Child Safety Minister Shannon Fentiman said she hoped Dylan’s story, which features in the latest foster carer recruitment campaign, would encourage even more Queenslanders to open their hearts and homes to some of the state’s most vulnerable children.
“Natalie and Dylan knew from such a young age that they wanted to help children, so foster care was an obvious choice for them,” she said.
“The pair initially looked after children needing respite care and now, at age 25, provide long term care for young children at their large property just outside Brisbane.”
Because Dylan is of Indigenous heritage the couple have had a number of children identifying as Aboriginal or Torres Strait Islander placed with them.
“It’s really important that children with Aboriginal or Torres Strait Islander backgrounds who come into care have a culturally-appropriate placement;” Dylan said.
Ms Fentiman said more foster carers from all walks of life were needed.
Natalie and Dylan’s story is one of several that will feature in the latest campaign which kicked off today (Sunday 8 October).
“Foster carers like Natalie and Dylan play a critical role in our child safety system,” Ms Fentiman said.
“What better way to hear about the benefits of fostering a child than from the carers themselves, who can talk about the challenges they face and the joys of helping a child.
“Our latest campaign will run for four weeks and comes after a successful first campaign which saw the number of online enquiries double.
“We need more people to take on this role, and I would encourage anyone who has ever thought about becoming a foster carer to take the next step.”
Ms Fentiman said the latest recruitment drive profiled nine different foster carers, from all different walks of life.
“These foster carers are sharing their own personal experiences and stories of fostering, in the hope of attracting more people,” she said.
“They are ordinary Queenslanders, like you and me, but they are taking on extraordinary roles in the lives of some of our most vulnerable children who cannot live safely at home.
“Like me, they want to see these children reach their full potential and are willing to give them the care and love they need to achieve this.”
The latest recruitment drive will feature on state-wide television advertising, digital advertising, on shopping centre panels, on social media and on targeted media including Indigenous Community Television, Koori Mail and QNews.
The $2.6 million Foster Carer recruitment campaign began in April with the aim of attracting 1000 additional carers.
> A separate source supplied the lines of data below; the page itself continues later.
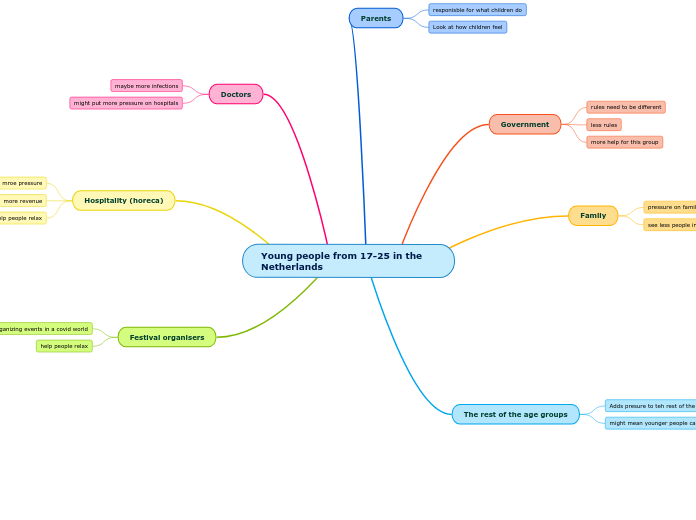Young people from 17-25 in the Netherlands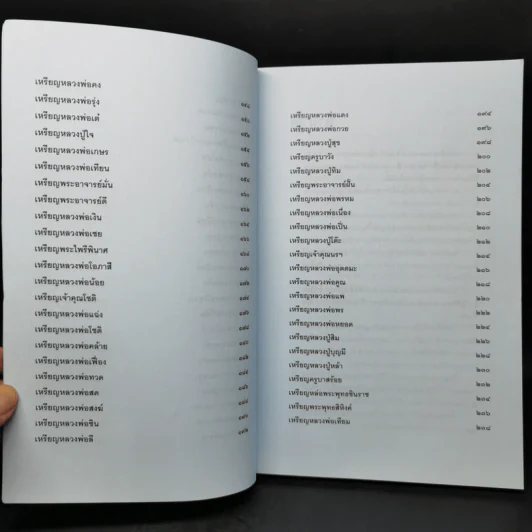 สุดยอด-อมตะ 109 เหรียญมงคล รูปที่ 10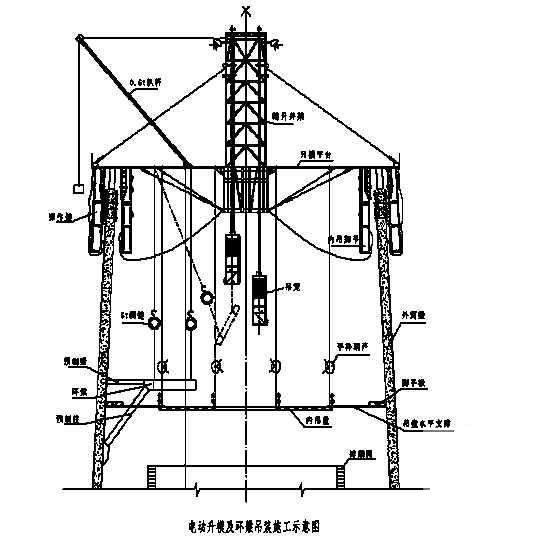 火电站烟囱及冷却塔工程施工组织设计(现浇钢筋混凝土) - 1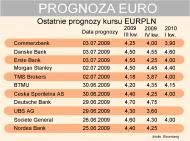 Prognozy walutowe EURPLN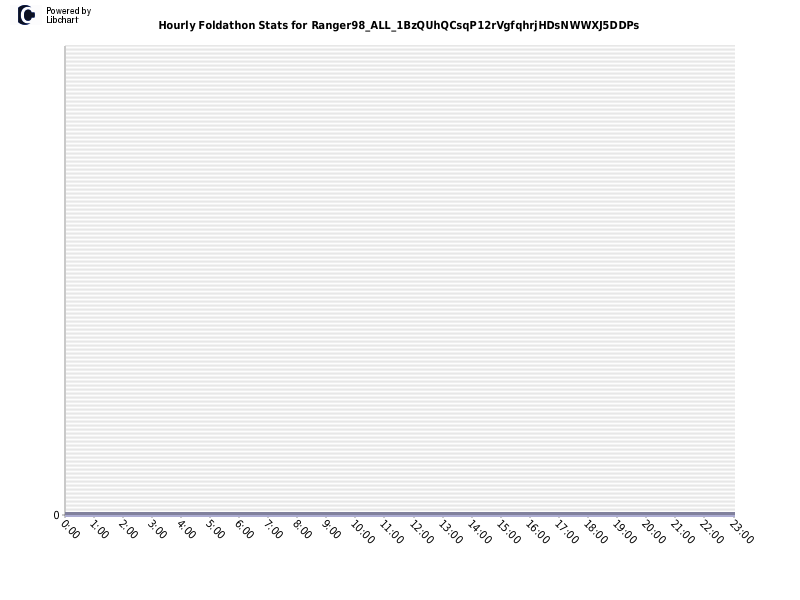 Hourly Foldathon Stats for Ranger98_ALL_1BzQUhQCsqP12rVgfqhrjHDsNWWXJ5DDPs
Applications to become a Foster Carer doubled from 200 to 400 over the 10-week first phase of the campaign, which included digital and newspaper advertising.
Ms Fentiman said the Palaszczuk Government had also boosting support to foster and kinship carers.
“This includes providing at least $2000 per year towards out-of-pocket childcare expenses for children aged one to five,” she said.
“This will support our hardworking foster and kinships carers across the state, and will also help attract more working Queenslanders to take on the invaluable job of fostering.